BEGIN STORED DATA

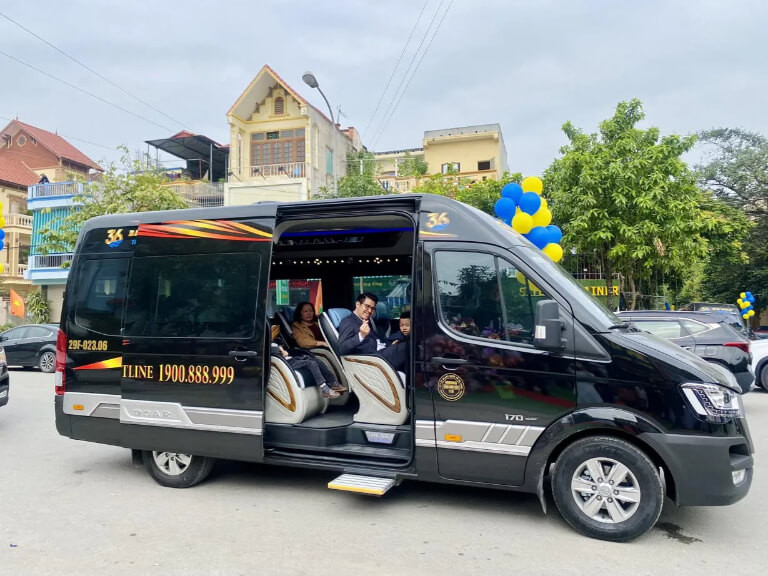 Xe Đức Tài Limousine luôn chu đáo làm hài lòng khách hàng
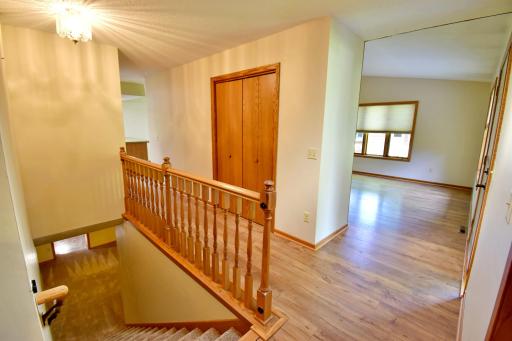 1252 Rolling Oaks Lane NW, Hutchinson, MN 55350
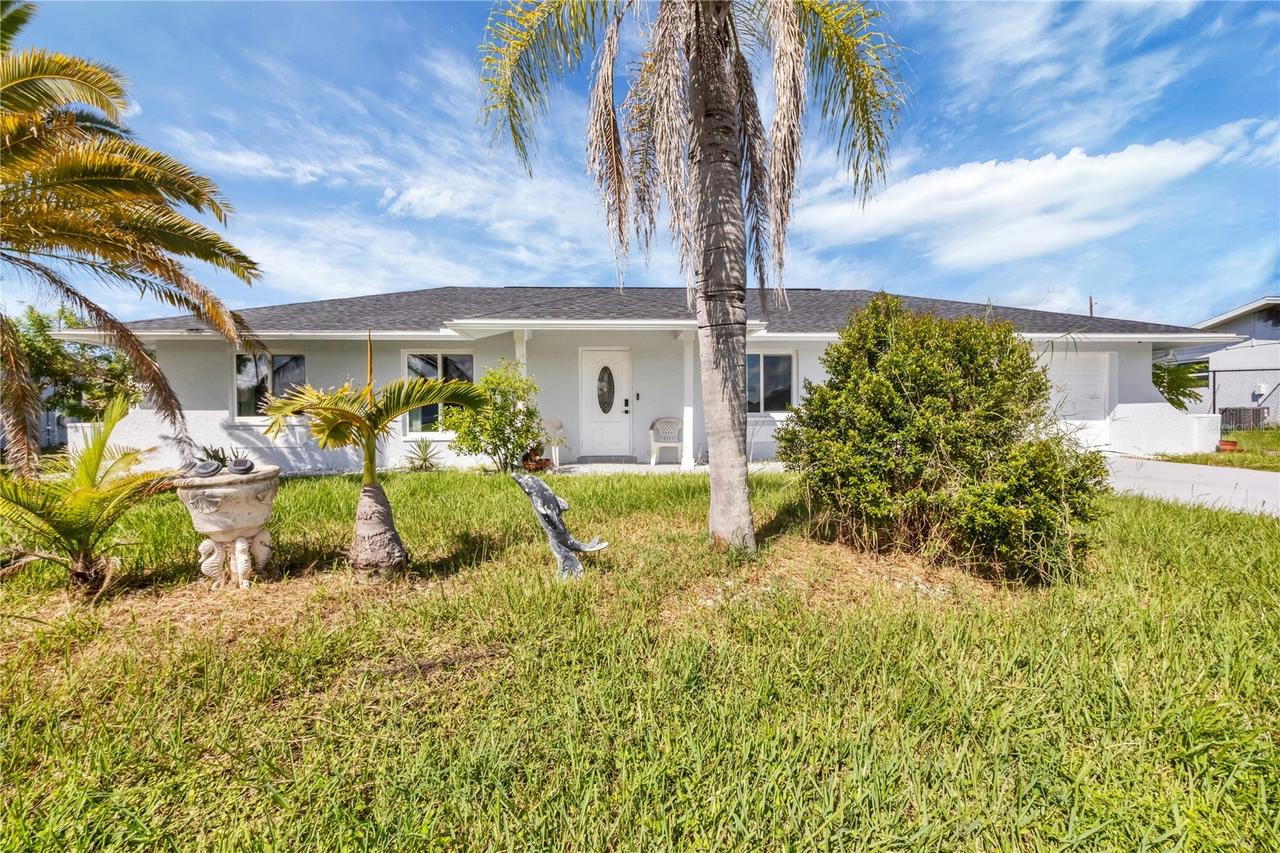 2339 Lake View Blvd., Port Charlotte, FL 33948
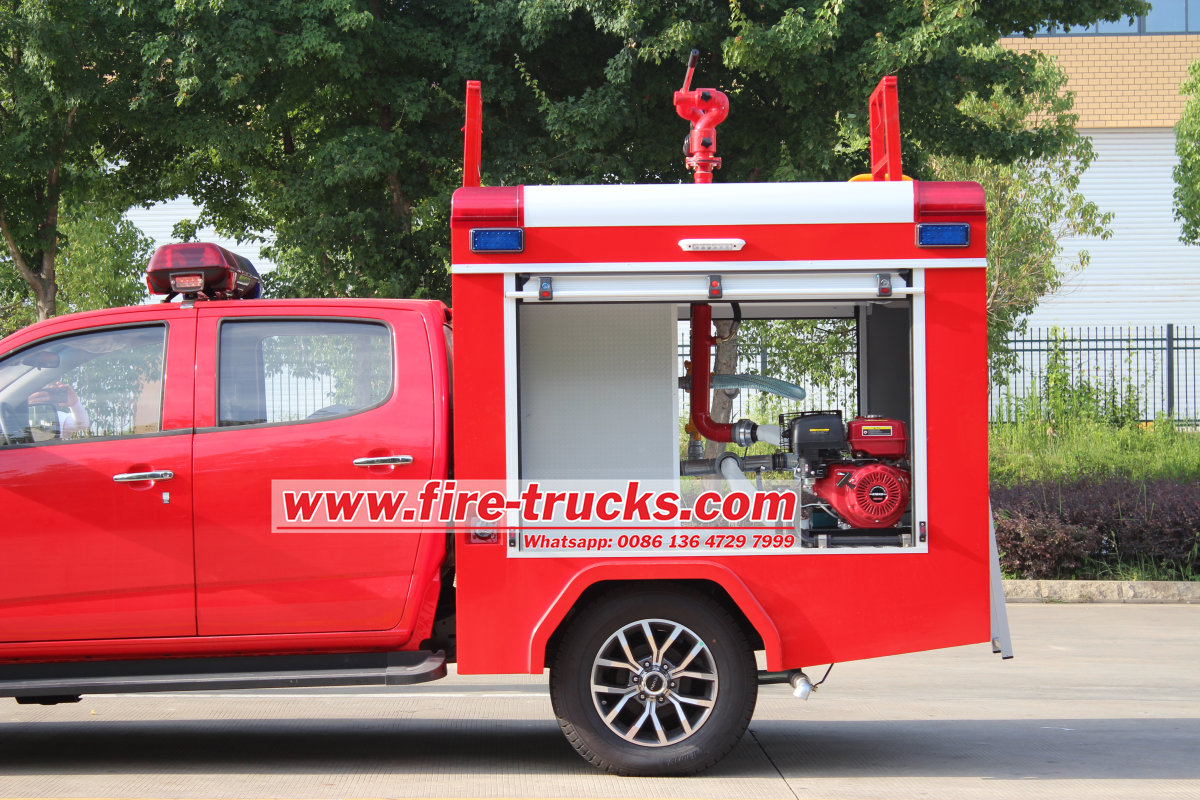 Isuzu 4x4 pickup small fire truck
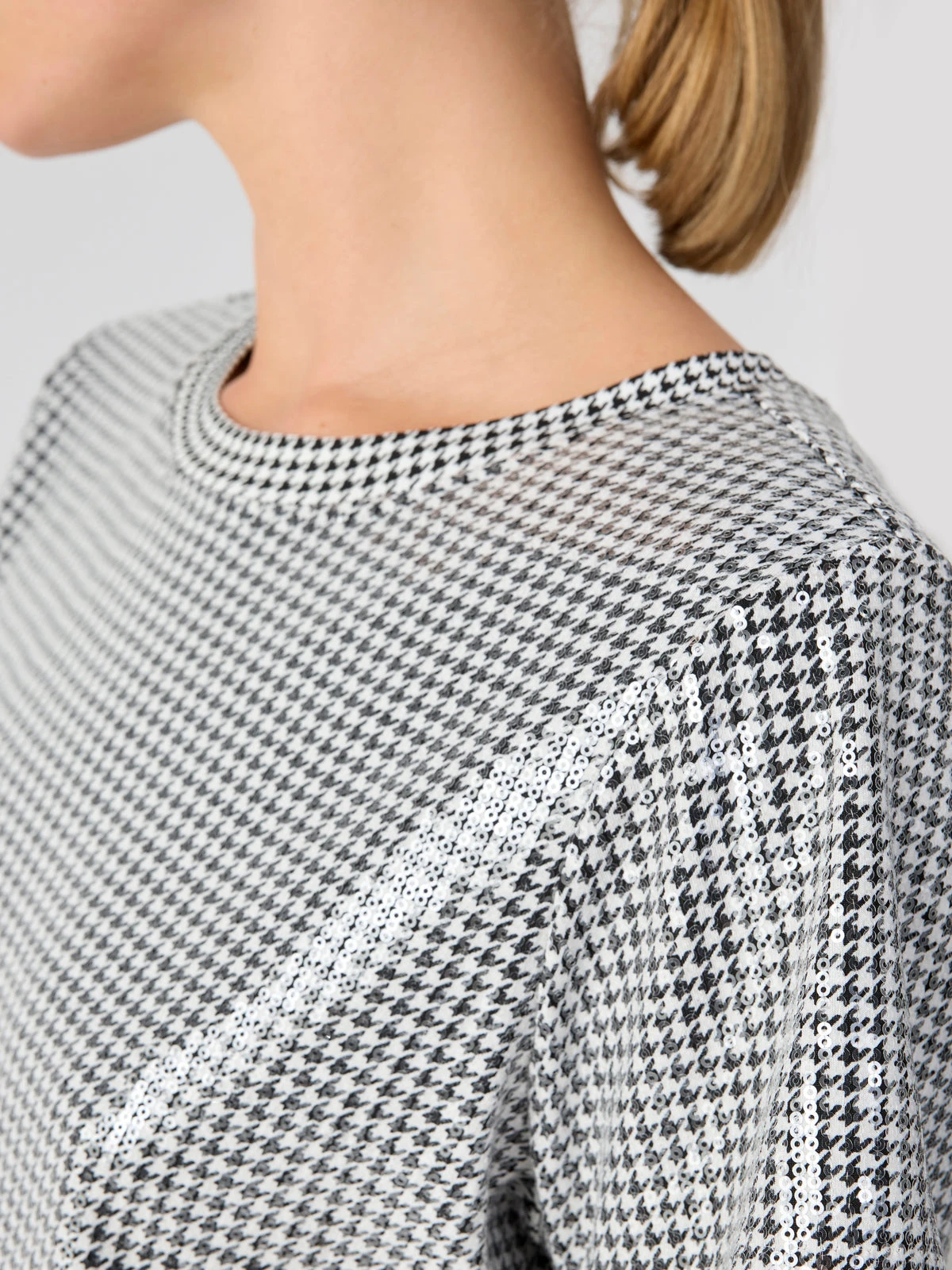 The Perfect Sequin Tee Micro Houndstooth 3 The Perfect Sequin Tee Micro Houndstooth - Image 3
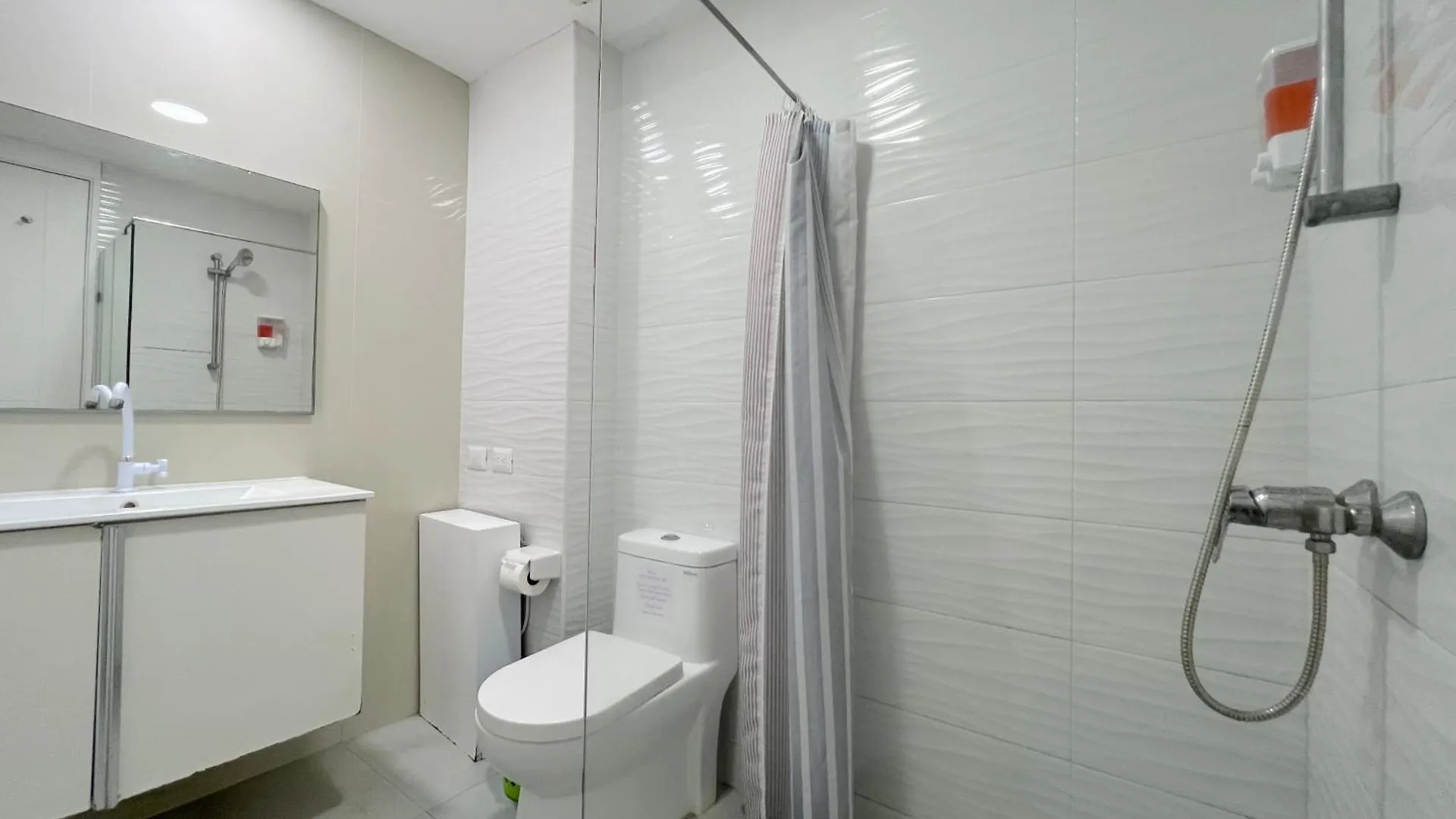 Vacation Suites With Rooftop Pool, Beach Club, Spa, Restaurants - Playa Los Corales Punta Cana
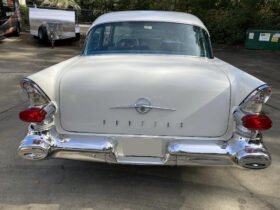 1957 Pontiac Chieftain V8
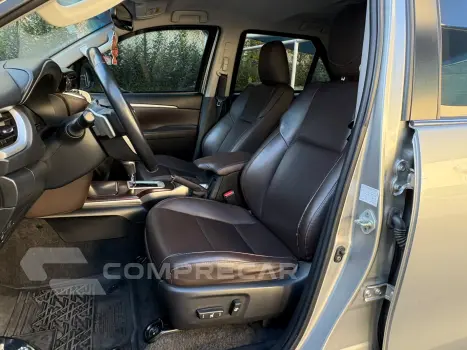 HILUX SW4 2.8 D-4d Turbo SRX 7L 4X4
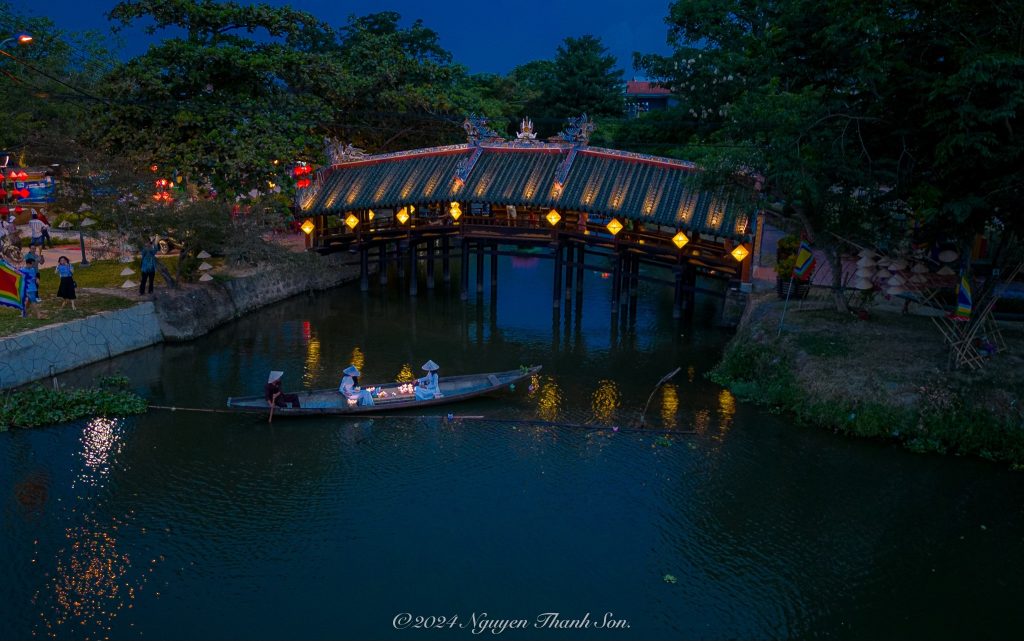 Các yếu tố ảnh hưởng đến giá photo tour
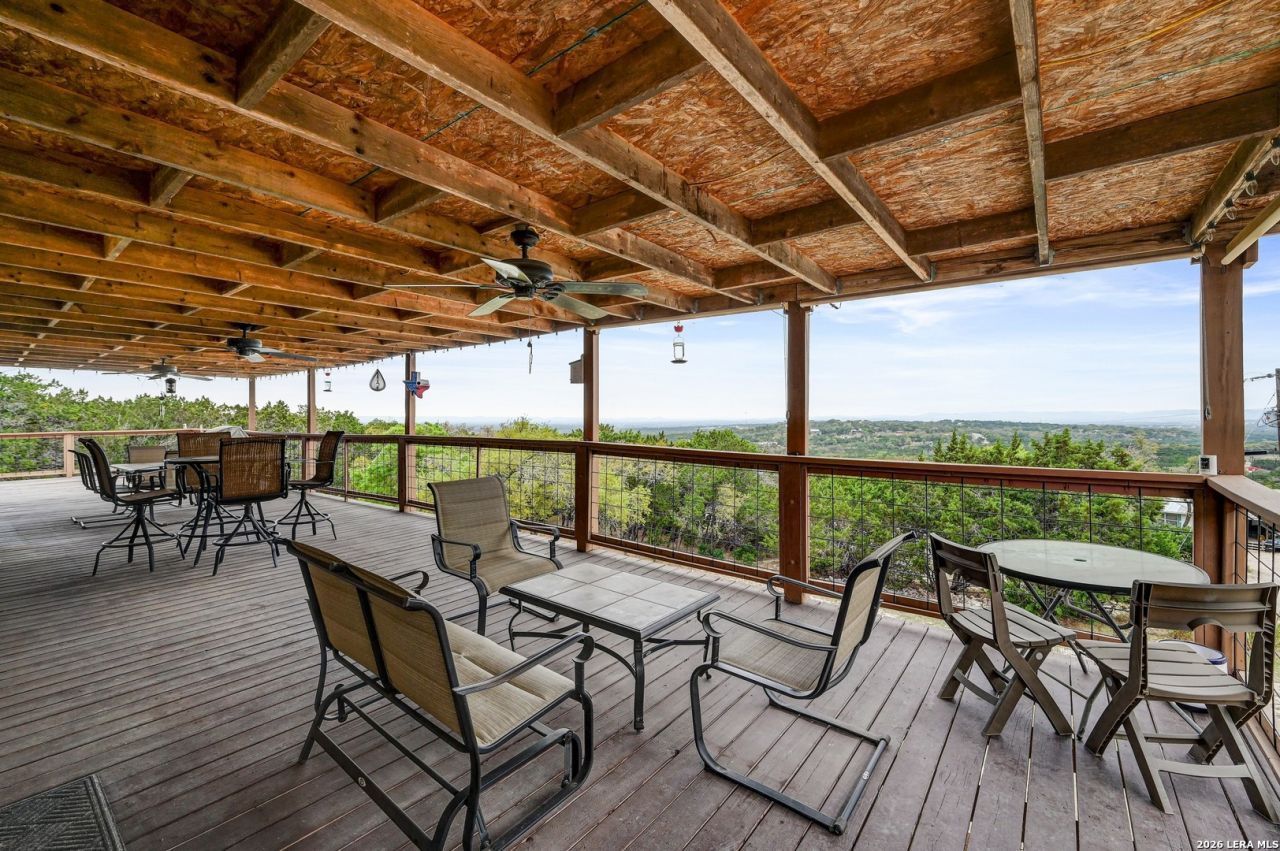 318 S Polly Peak, Bandera, TX 78003 Main Photo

END STORED DATA

*TASK STATEMENT:* Look above for the line with "2339 Lake View" and the line with "Các yếu tố ảnh hưởng đến giá photo tour". Output those two and everything between them exactly, pictures excluded.

*ANSWER FOR THE TASK:*
 2339 Lake View Blvd., Port Charlotte, FL 33948
 Isuzu 4x4 pickup small fire truck
 The Perfect Sequin Tee Micro Houndstooth 3 The Perfect Sequin Tee Micro Houndstooth - Image 3
 Vacation Suites With Rooftop Pool, Beach Club, Spa, Restaurants - Playa Los Corales Punta Cana
 1957 Pontiac Chieftain V8
 HILUX SW4 2.8 D-4d Turbo SRX 7L 4X4
 Các yếu tố ảnh hưởng đến giá photo tour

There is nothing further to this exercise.